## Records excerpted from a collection
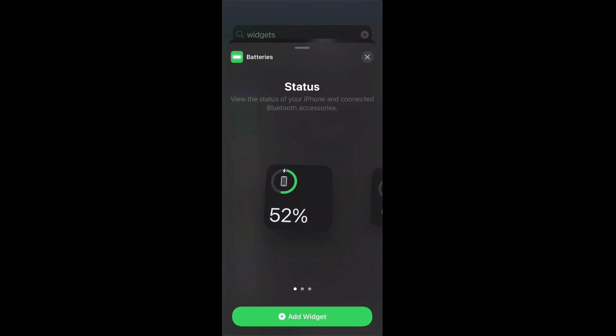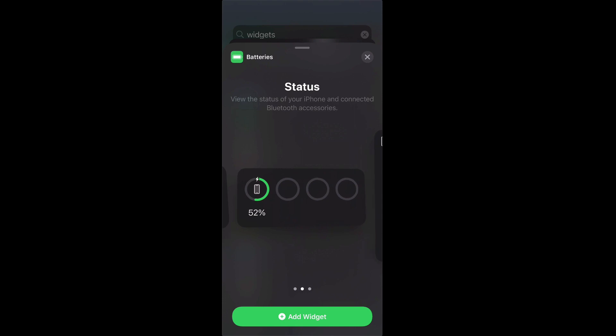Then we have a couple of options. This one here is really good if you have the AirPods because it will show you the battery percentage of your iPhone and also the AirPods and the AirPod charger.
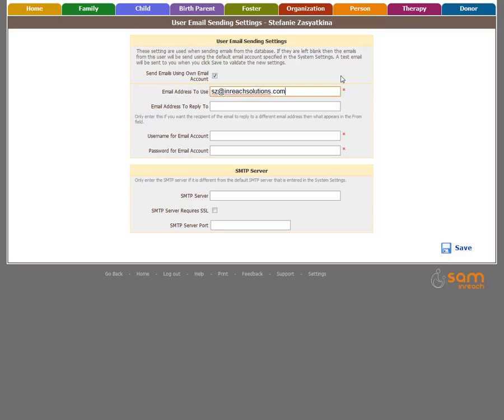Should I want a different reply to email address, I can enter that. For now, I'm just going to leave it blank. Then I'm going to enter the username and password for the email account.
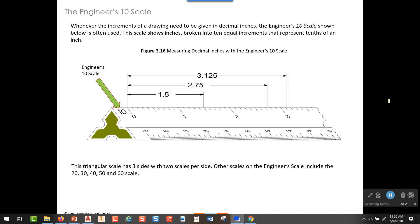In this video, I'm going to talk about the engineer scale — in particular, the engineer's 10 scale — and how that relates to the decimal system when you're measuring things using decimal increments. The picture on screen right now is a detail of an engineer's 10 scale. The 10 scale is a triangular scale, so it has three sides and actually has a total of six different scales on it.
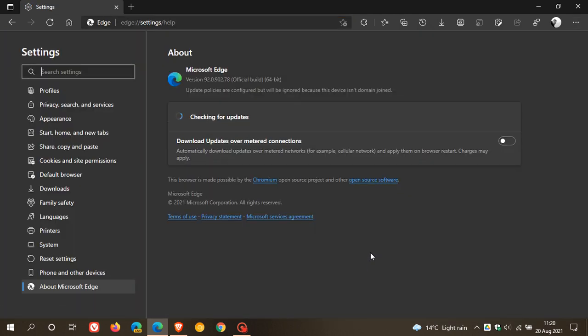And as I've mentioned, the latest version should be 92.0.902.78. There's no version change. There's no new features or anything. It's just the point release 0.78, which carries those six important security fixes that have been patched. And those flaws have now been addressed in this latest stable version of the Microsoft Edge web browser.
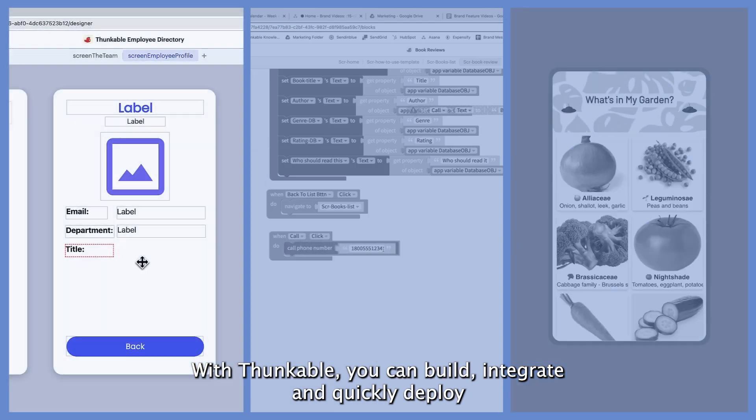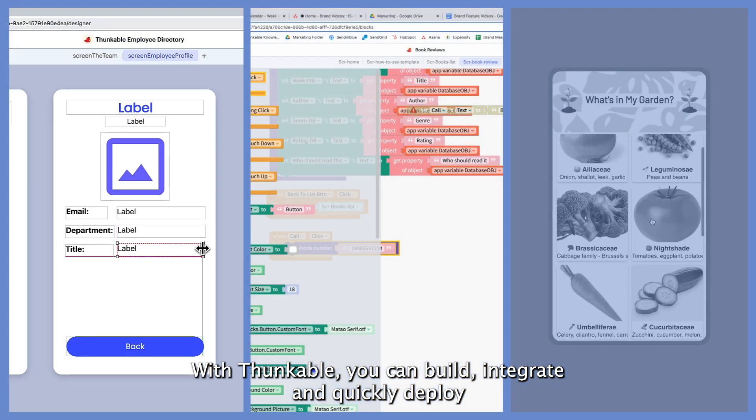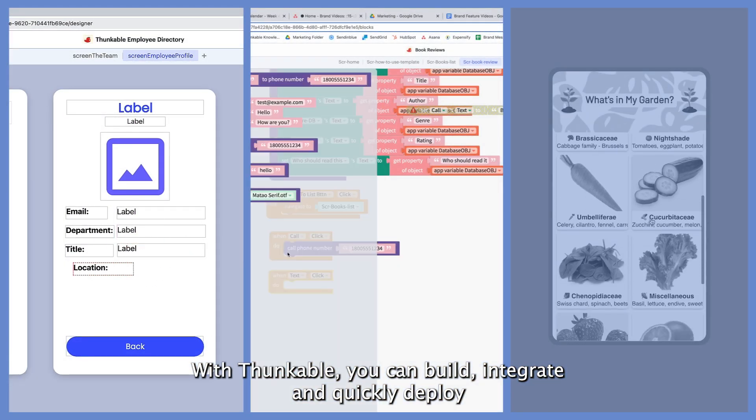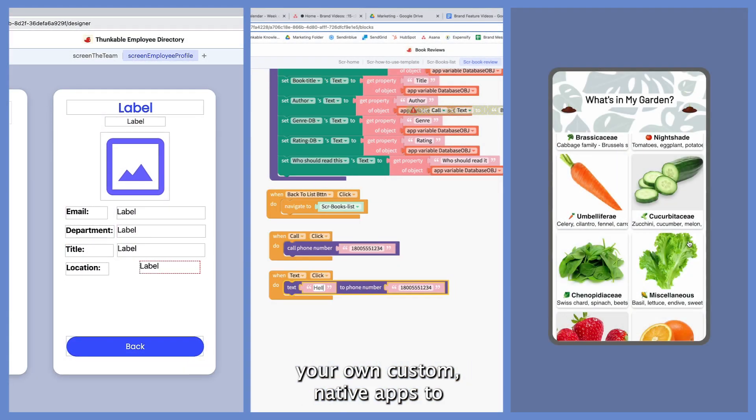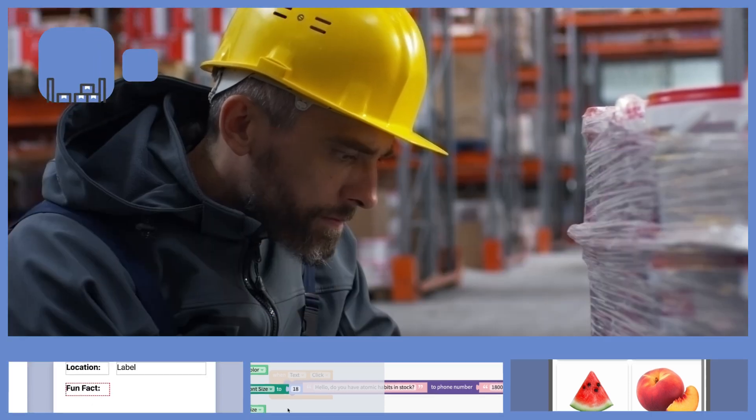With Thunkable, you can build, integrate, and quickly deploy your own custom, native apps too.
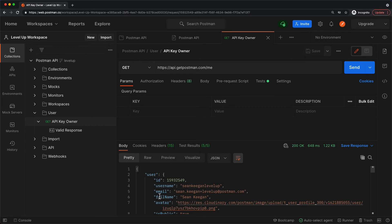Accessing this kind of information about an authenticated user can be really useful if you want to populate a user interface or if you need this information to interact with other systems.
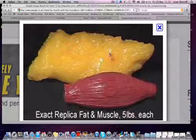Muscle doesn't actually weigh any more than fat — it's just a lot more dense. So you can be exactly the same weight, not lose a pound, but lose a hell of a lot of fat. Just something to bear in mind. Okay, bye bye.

## Work to complete
From the first line of the entries down to the line with "Should I want", print each line exactly; omit any picture.

## Task answer
Then we have a couple of options. This one here is really good if you have the AirPods because it will show you the battery percentage of your iPhone and also the AirPods and the AirPod charger.
Should I want a different reply to email address, I can enter that. For now, I'm just going to leave it blank. Then I'm going to enter the username and password for the email account.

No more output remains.